#### [Exercise requirements]
Repeat only these lines, exactly: the first line of the data, the line containing "كاونترات وسنكات كلمن", and every line between them. Pictures stay out.

Input section start

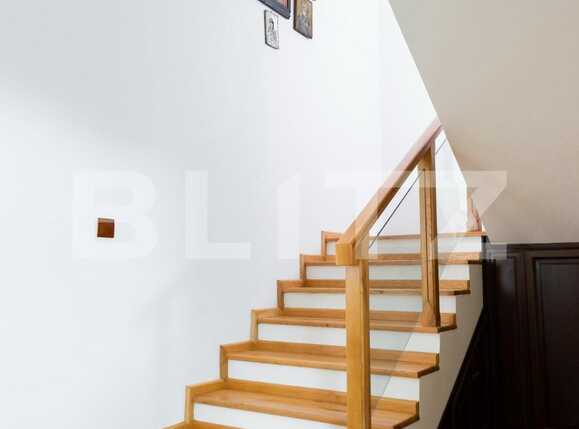 Casa de vânzare 4 camere Borhanci - 38463CV | BLITZ Cluj-Napoca | Poza8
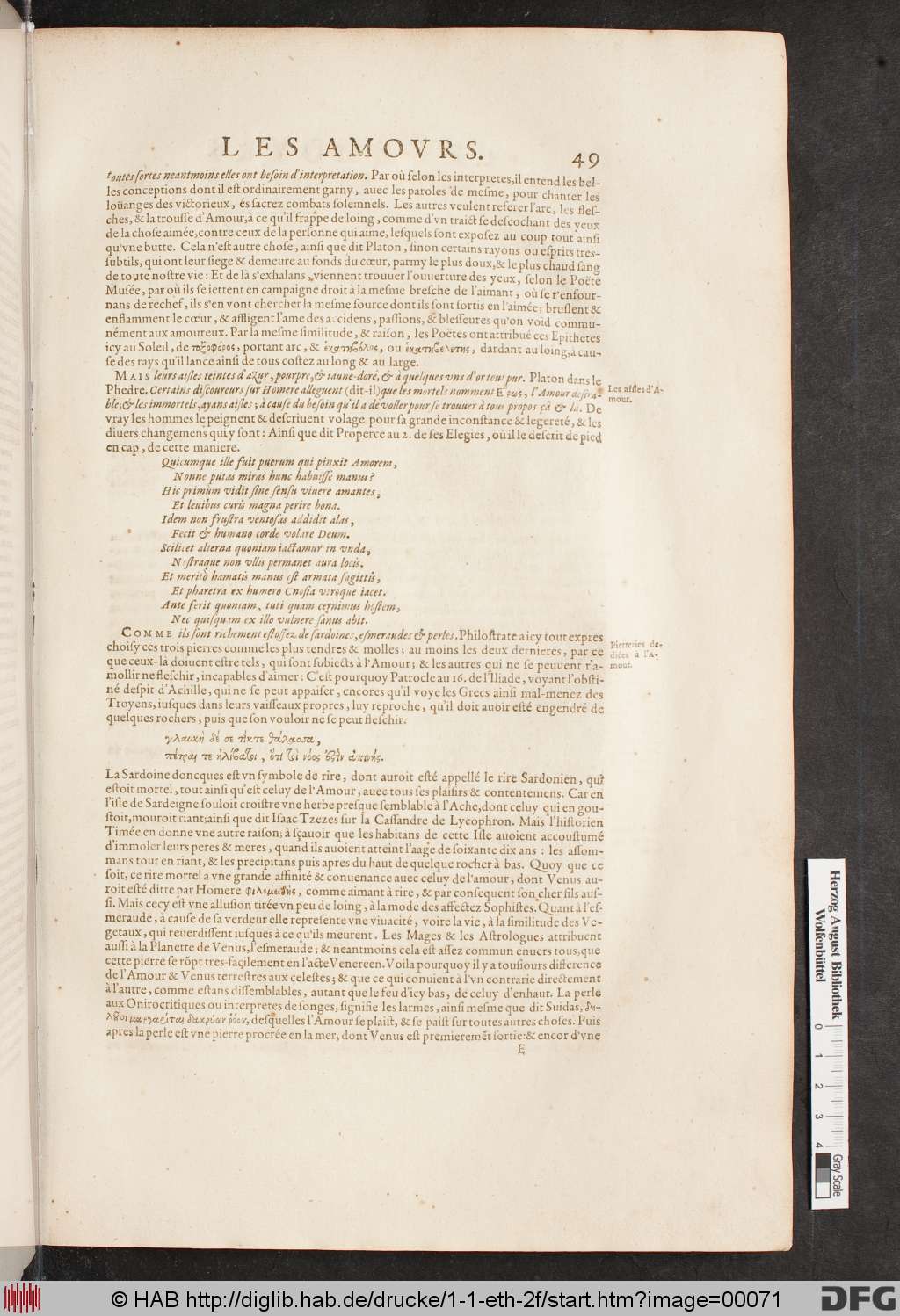 http://diglib.hab.de/drucke/1-1-eth-2f/00071.jpg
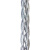 牵引防扭钢丝绳吊装绳无扭钢丝绳绞磨机拉线绳镀锌不旋转钢丝绳 抗弯连接器8T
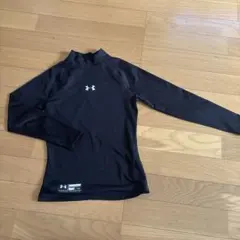 アンダーアーマー　アンダーシャツ　150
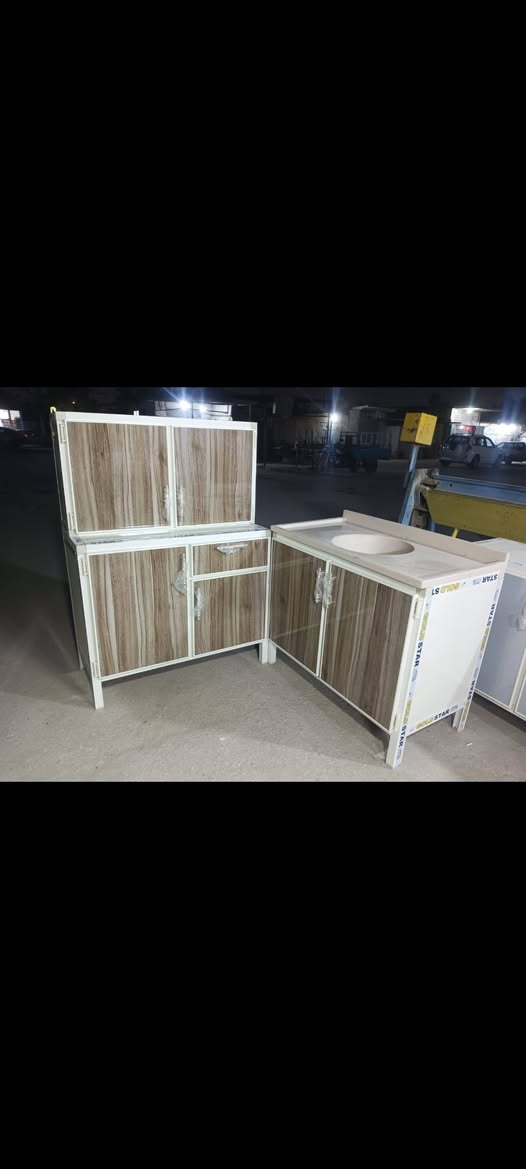 كاونترات وسنكات كلمن وسعره شغل راقي ويوجد توصيل داخل كربلاء كربلاء, العراق


**إذا كنت صاحب هذا الإعلان وتريد حذفه لأي سبب، رجاءا أرسل رسالة إلى الدعم الفني**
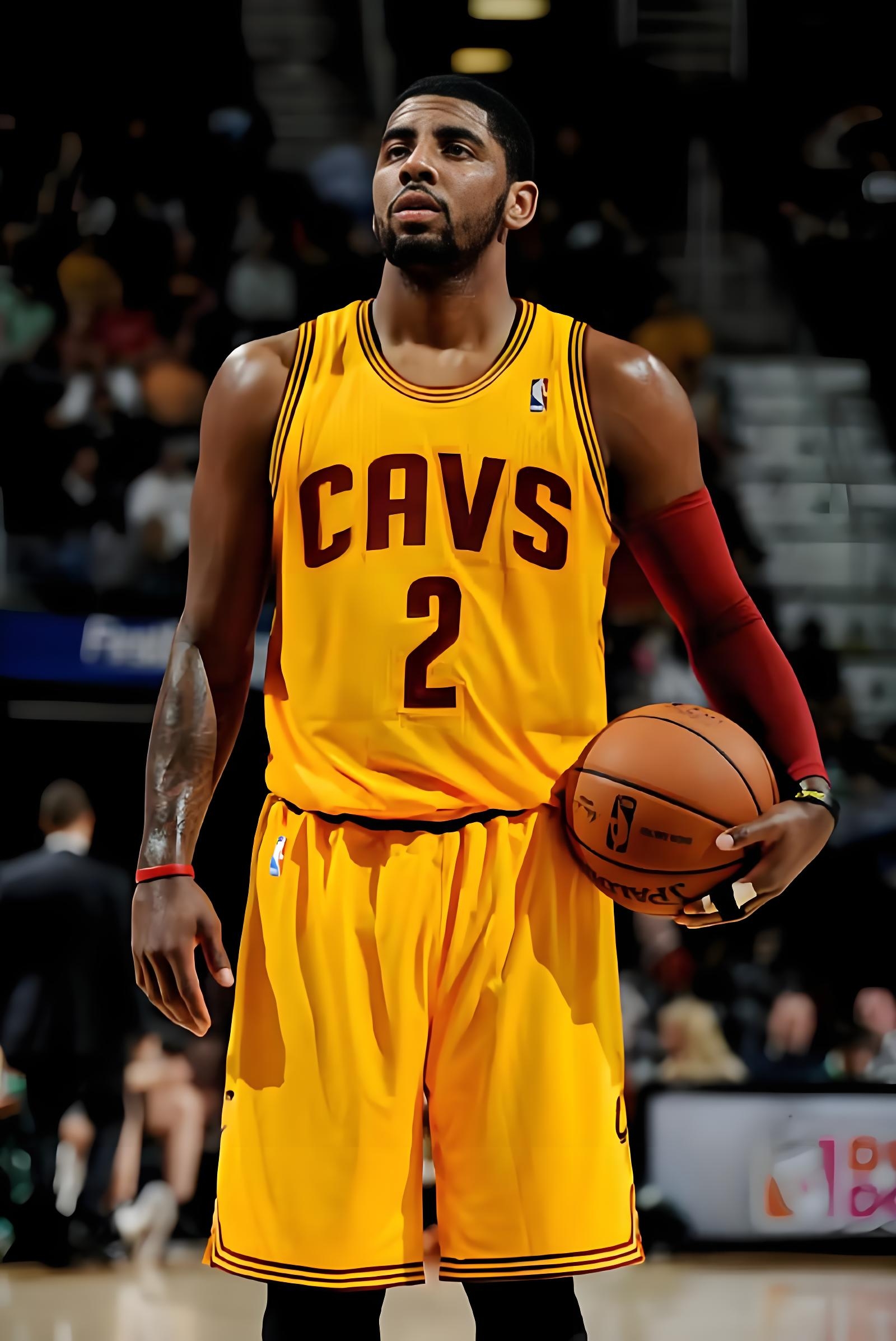 牌与叙事的 牌与叙事的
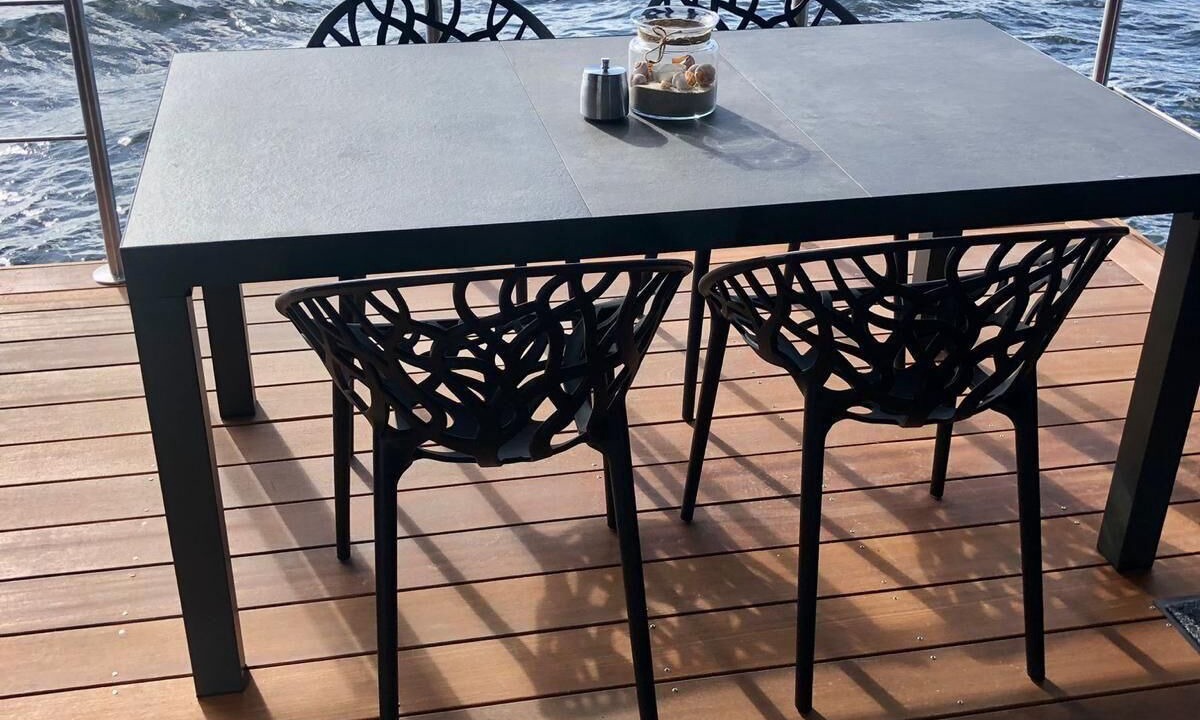 Photo of Outdoor in Luebeck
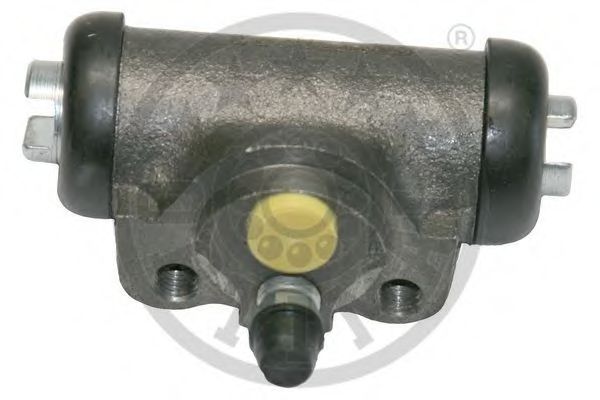 RZ-3345 OPTIMAL Wheel Brake Cylinder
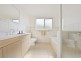 61 Gunn Street, Devonport TAS 7310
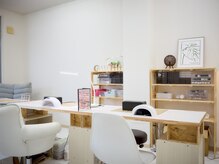 シンプルからギャルまで、なんでもお任せ♪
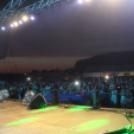 2017.06.24 Voluta Fesztivál Kozmix élő nagykocnert Fotók:árpika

Input section end

#### [Exercise output]
 Casa de vânzare 4 camere Borhanci - 38463CV | BLITZ Cluj-Napoca | Poza8
 http://diglib.hab.de/drucke/1-1-eth-2f/00071.jpg
 牵引防扭钢丝绳吊装绳无扭钢丝绳绞磨机拉线绳镀锌不旋转钢丝绳 抗弯连接器8T
 アンダーアーマー　アンダーシャツ　150
 كاونترات وسنكات كلمن وسعره شغل راقي ويوجد توصيل داخل كربلاء كربلاء, العراق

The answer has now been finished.